The problem, unfortunately, is that real exercise of these powers and their financial and organisational implementation is often lacking. The new law therefore implements a federal model for the police force’s work. This is not a random decision but is a conscious choice, not in favour of increased centralisation of powers in our country, but in order to change work in the police force, make it more modern, better funded, and backed up by the necessary financial guarantees. 

I am sure that we can achieve this within five-ten years, say, though I do not know exactly how long it will take, and as soon as we achieve this we will then begin the next stage, which will see some powers returned to the regions. This will give us a more civilised model of interaction, such as exists in many countries, and the law will be adjusted accordingly when this time comes. 

But before making the transition to this model we first need to consolidate the system itself. The police force is currently weak, shaky, and without proper financial support. We need to put it back together, and this is the aim of the reforms we are carrying out.

* * *

On the question of wording, I agree that wording should be clear and precise, but at the same time has to be possible to implement. This is always a matter of lawmaking technique. As a lawyer I understand all of this. We must avoid extremes. We must not create totally casuistic wording that would require absolutely colossal efforts from the police to be implemented and cause them to turn endless circles and find now way in and no way out. That would be one extreme.

But equally dangerous is ‘elastic’ wording, descriptive wording that can be stretched to cover any circumstances and does not provide clear regulation of action. The whole problem is to find the golden mean on issues such as police officers’ right to enter premises. The police force must have such powers after all, otherwise what kind of police force is it? We are not talking about a people’s militia after all, but representatives of the state authorities. The same goes for the right to demand to see an ID. But you are right, such demands must be justified, and this procedure must be regulated. This is a question of lawmaking skill. I think it is right that you raise this issue and we will continue to work on it.

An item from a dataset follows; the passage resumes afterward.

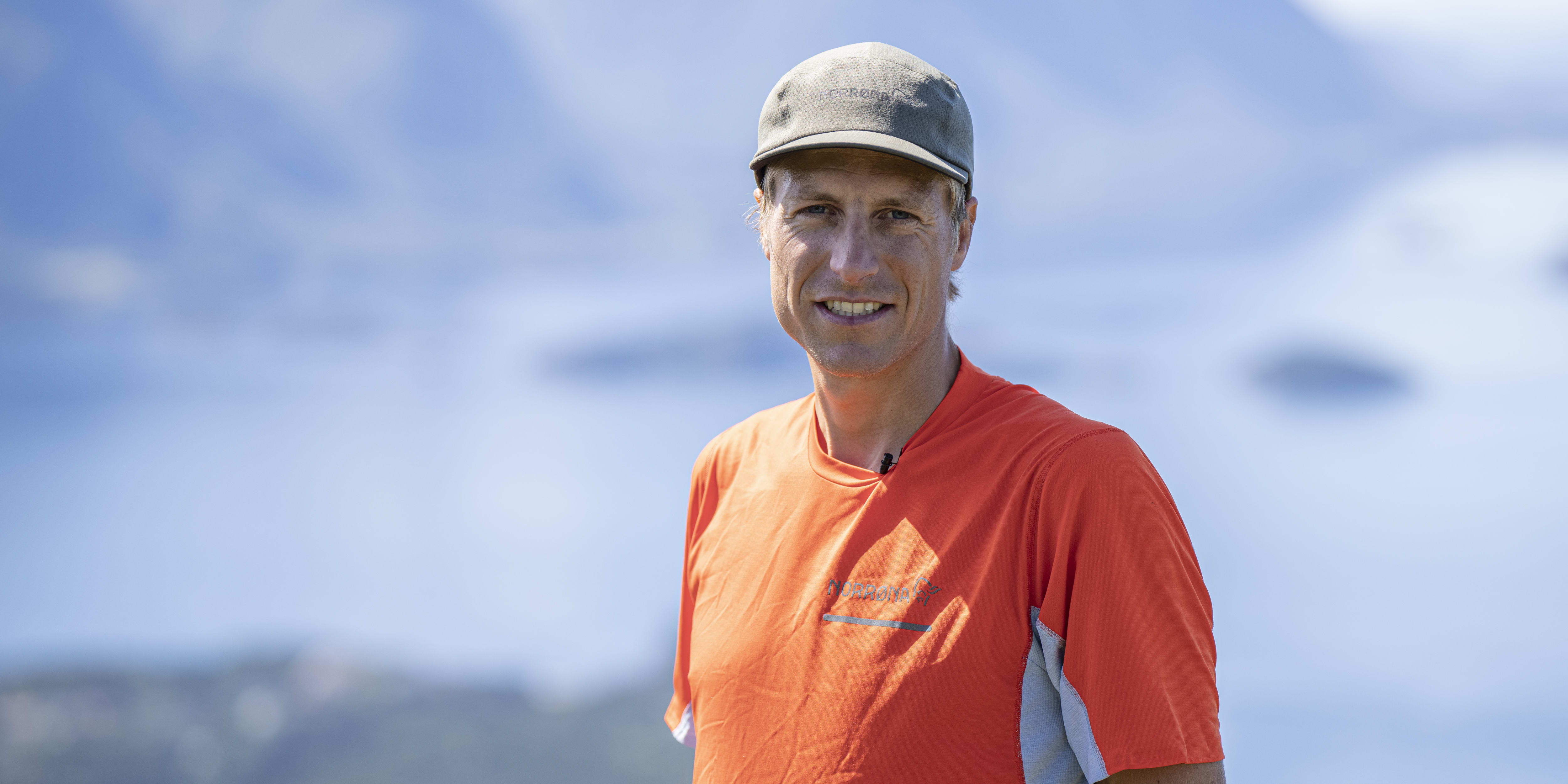 A man smiling at the camera. He's wearing a Norrøna shirt and a hat, standing in front of a blurred mountain background.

On the question of human resources, most of the people working in the police force are worthy and excellent people who perform their duties at the risk of their lives. I have many such friends and acquaintances working in the police force. There are also people unworthy of their jobs, criminals, but this is true not only of the police force. Among all public servants we find worthy people and we find others, who commit crimes.

Of course, we cannot change everything overnight. Active discussion is underway on this subject at the moment, as is the renaming question. But our aim is not simply to change the name. This is more of an end result, a symbolic thing. We set this goal when the law’s provisions were drafted and the law’s name was changed. This is secondary, of course, compared to the content, rights and obligations, and status of police officers, and secondary for the public too.

But the law itself has a rule in the final article on procedures for joining the police force. Incidentally, our colleagues in Mari El proposed a more radical version than what we have here. They proposed first of all removing everyone from the police force personnel lists and only then taking them on again as members of the new force. I mentioned this to the minister and said that we need to look into this idea, in order to have the possibility, say, of releasing those who have compromised themselves, say, especially given that in some areas we have not enough police officers, and in others we have too many. We plan cutbacks in accordance with the order that I signed, quite significant cutbacks, and it would make sense to do this in conjunction with the transition to the new status and the new system of work. So this is something we need to think about. I have already given the minister and other colleagues instructions on this matter.